Any advice or something to point out with the www.conf ?

Best Answer

First, you really should ask yourself the question: Is 250 req / second something your site really should be able to handle? That is a LOT of requests for a page. Quite frankly, I think 250req/s maxing your CPU is normal given what you have -- a virtualized system.

pm.max_children = 150

You probably kept on raising this because you keep on getting error saying you're maxed out on children. But you're actually shooting yourself in the foot when you raise this beyond what your system can handle. It's better to NOT accept a next request it can't handle than to accept. Increasing this not only thins out your system, you create more resource requirements as well as more overhead. And when that explodes to a size your system can no longer handle, it creates signs like freezing.
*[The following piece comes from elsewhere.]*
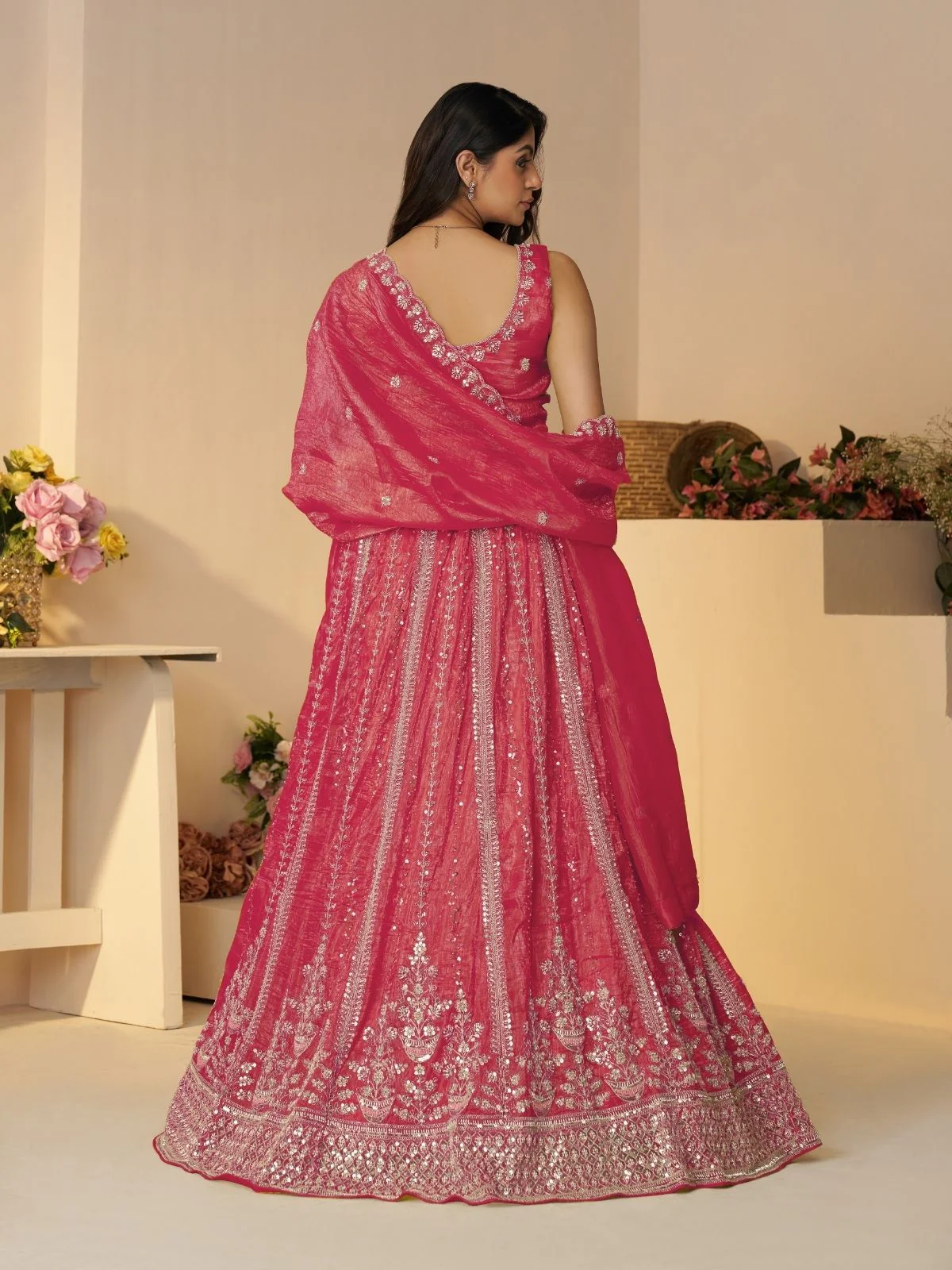 Odette Pink Jimmy Choo Embroidered Semi-Stitched Lehenga For Women - Image 4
I don't know exactly what your VPS is giving you (and you'll never know since it's not static as it depends on other users in the node), but I would personally say that anything above 20 for your specified system is a not realistic setting.

You should also adjust start/min/max spare accordingly as having then greater than max children makes no sense. Or you can just not worry about it and set to pm = static.